We also conducted an analysis of institutional cooperation. Generating an institution map resulted in 1,176 nodes and 3,881 links, with a density (0.0056) that suggests that the research in each institution is relatively scattered (Figure 2B, Supplemental Figure 2). As before, institutions in the U.S. had the highest number of publications, except for GlaxoSmithKline (GSK) in the United Kingdom. The University of Colorado contributed the most publications (214), followed by GSK (130), and Oregon Health and Science University (116). In terms of centrality, the top three institutions were the Charite (0.06), the University of Michigan (0.05), and the University of São Paulo (0.05) (Table 2). Taken together, these analyses suggest that more academic exchanges are needed.

Analysis of Author and Co-cited Author

Citespace identified 2,716 nodes and 8,126 links for author collaboration analysis, which indicated that 2,716 authors contributed to 9,259 publications, and their potential cooperation (Figure 3A, Supplementary Figure 3). The low density (0.0053) suggest that the authors in herpes zoster research is relatively dispersed. Among them, the three most productive authors were Gilden (80), followed by Nagel (65), and Levin (58). In terms of centrality, the top three authors were Levin (0.04), Harpaz (0.04), and Schmid (0.04) (Table 3), whose research interests include clinical research on herpes zoster vaccines. Their work includes the clinical characteristics of herpes zoster after varicella vaccine in children, and the use of the herpes zoster subunit vaccine in the elderly (22–26).

FIGURE 3

Figure 3. The network map of authors (A) and the co-cited authors (B) map in herpes zoster research.

TABLE 3

Table 3. Top 10 active authors in terms of publications and centrality for herpes zoster.

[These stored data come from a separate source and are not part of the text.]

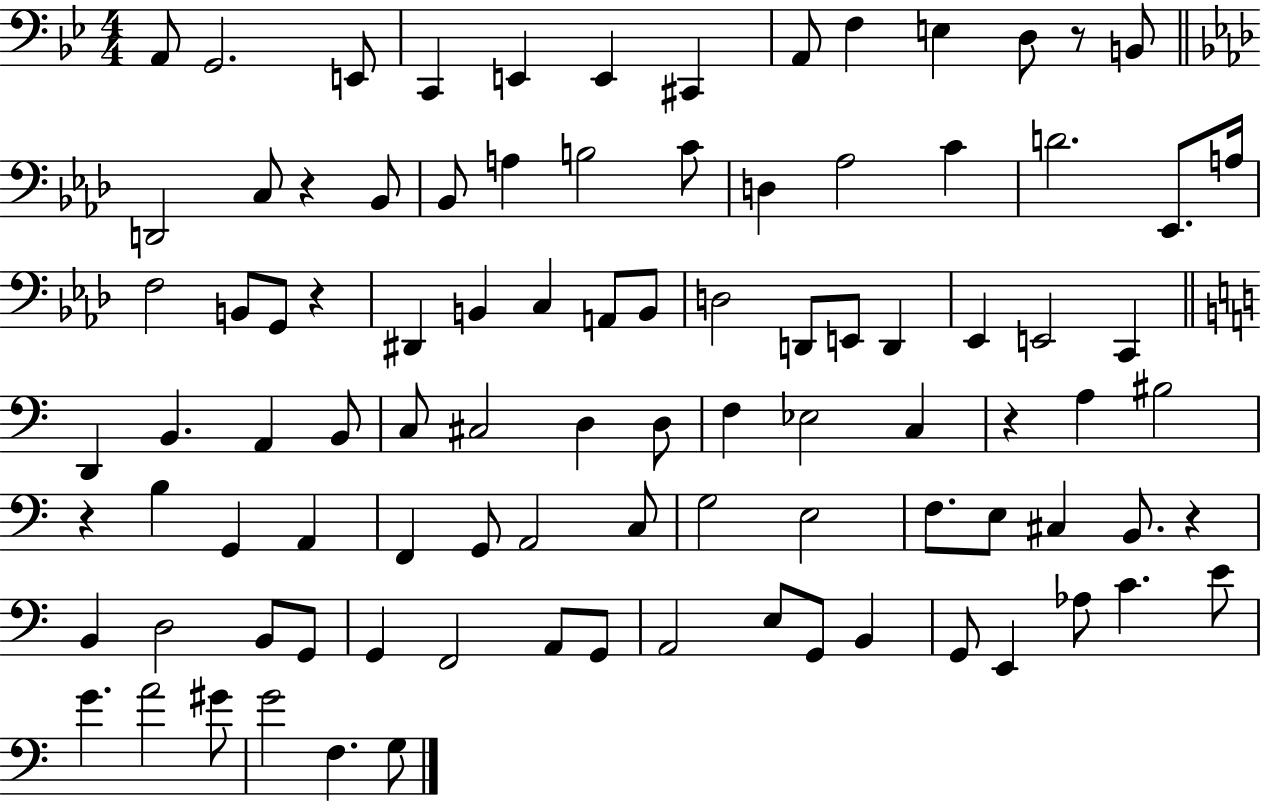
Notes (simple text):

A2/e G2/h. E2/e C2/q E2/q E2/q C#2/q A2/e F3/q E3/q D3/e R/e B2/e D2/h C3/e R/q Bb2/e Bb2/e A3/q B3/h C4/e D3/q Ab3/h C4/q D4/h. Eb2/e. A3/s F3/h B2/e G2/e R/q D#2/q B2/q C3/q A2/e B2/e D3/h D2/e E2/e D2/q Eb2/q E2/h C2/q D2/q B2/q. A2/q B2/e C3/e C#3/h D3/q D3/e F3/q Eb3/h C3/q R/q A3/q BIS3/h R/q B3/q G2/q A2/q F2/q G2/e A2/h C3/e G3/h E3/h F3/e. E3/e C#3/q B2/e. R/q B2/q D3/h B2/e G2/e G2/q F2/h A2/e G2/e A2/h E3/e G2/e B2/q G2/e E2/q Ab3/e C4/q. E4/e G4/q. A4/h G#4/e G4/h F3/q. G3/e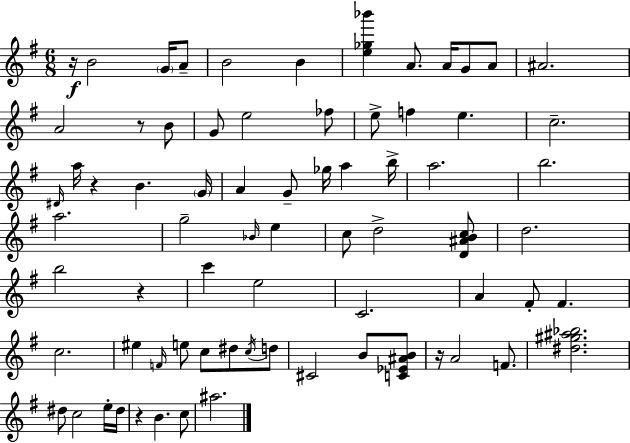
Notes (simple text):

R/s B4/h G4/s A4/e B4/h B4/q [E5,Gb5,Bb6]/q A4/e. A4/s G4/e A4/e A#4/h. A4/h R/e B4/e G4/e E5/h FES5/e E5/e F5/q E5/q. C5/h. D#4/s A5/s R/q B4/q. G4/s A4/q G4/e Gb5/s A5/q B5/s A5/h. B5/h. A5/h. G5/h Bb4/s E5/q C5/e D5/h [D4,A#4,B4,C5]/e D5/h. B5/h R/q C6/q E5/h C4/h. A4/q F#4/e F#4/q. C5/h. EIS5/q F4/s E5/e C5/e D#5/e C5/s D5/e C#4/h B4/e [C4,Eb4,A#4,B4]/e R/s A4/h F4/e. [D#5,G#5,A#5,Bb5]/h. D#5/e C5/h E5/s D#5/s R/q B4/q. C5/e A#5/h.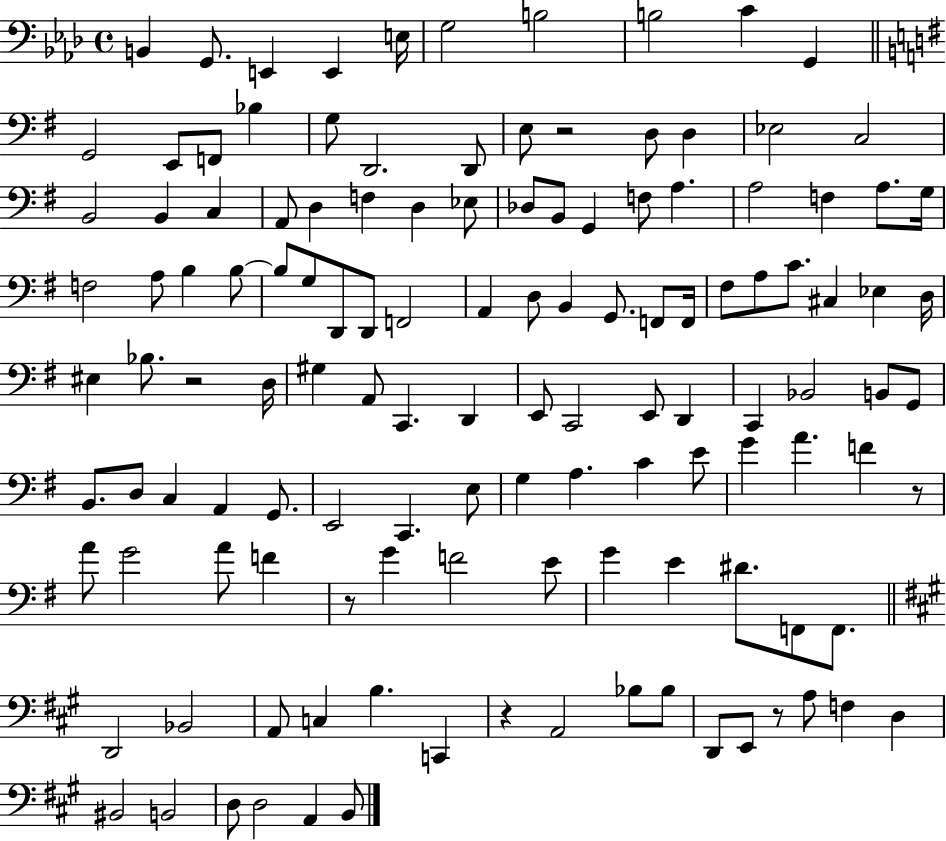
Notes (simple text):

B2/q G2/e. E2/q E2/q E3/s G3/h B3/h B3/h C4/q G2/q G2/h E2/e F2/e Bb3/q G3/e D2/h. D2/e E3/e R/h D3/e D3/q Eb3/h C3/h B2/h B2/q C3/q A2/e D3/q F3/q D3/q Eb3/e Db3/e B2/e G2/q F3/e A3/q. A3/h F3/q A3/e. G3/s F3/h A3/e B3/q B3/e B3/e G3/e D2/e D2/e F2/h A2/q D3/e B2/q G2/e. F2/e F2/s F#3/e A3/e C4/e. C#3/q Eb3/q D3/s EIS3/q Bb3/e. R/h D3/s G#3/q A2/e C2/q. D2/q E2/e C2/h E2/e D2/q C2/q Bb2/h B2/e G2/e B2/e. D3/e C3/q A2/q G2/e. E2/h C2/q. E3/e G3/q A3/q. C4/q E4/e G4/q A4/q. F4/q R/e A4/e G4/h A4/e F4/q R/e G4/q F4/h E4/e G4/q E4/q D#4/e. F2/e F2/e. D2/h Bb2/h A2/e C3/q B3/q. C2/q R/q A2/h Bb3/e Bb3/e D2/e E2/e R/e A3/e F3/q D3/q BIS2/h B2/h D3/e D3/h A2/q B2/e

A co-cited author analysis is an analysis of the authors of a reference, with clustering of the authors with highly similar research interests. In total, 789 nodes and 1,838 links were identified via CiteSpace (Figure 3B, Supplementary Figure 4). Oxman had the top rank for citation counts (830), with studies predominantly focused on herpes zoster vaccines (27–31). Among the rest highly co-cited authors, Gershon had reported widely on the virus and its molecular mechanisms, and provided the first solid evidence for vaccination against varicella disease (32–36) (Table 4).

TABLE 4

Table 4. Top 10 co-cited authors in herpes zoster research in terms of co-citation counts and centrality.

Clustering of Co-cited Publications

Co-cited publications reveal the relevance and knowledge base of the publications (37). Over half of the top 10 co-cited publications related to herpes zoster vaccine (Table 5). With 351 citations, the most cited publication was the clinical trial by Himal and colleagues published in the New England Journal of Medicine in 2015 (38). This was a randomized, placebo-controlled, phase 3 study in 18 countries to evaluate the efficacy and safety of a herpes zoster subunit in older adults (≥50 years of age), stratified according to age group (50 to 59, 60 to 69, and ≥70 years). Participants received two intramuscular doses of the vaccine or placebo, 2 months apart. The vaccine reduced the risk of herpes zoster in adults who were 50 years of age or older. Vaccine efficacy in adults who were 70 years of age or older was similar to that in the other two age groups. Further clustering these references resulted in 1,506 nodes, 2,841 links, and 19 main clusters (Figure 4), and clearly showed the timeline for each cluster label (Figure 5). The position of the nodes in these clusters suggests that the predominant research focus in herpes zoster involves vaccines, postherpetic neuralgia, treatments, the VZV and its mechanism, and the epidemiology of herpes zoster infection.

TABLE 5

Table 5. Top 10 co-cited references related to herpes zoster in terms of cocitations.

FIGURE 4

Figure 4. The clustered network map of co-cited references on herpes zoster.

FIGURE 5

Figure 5. The timeline view of co-cited references clusters with their cluster-labels on the right.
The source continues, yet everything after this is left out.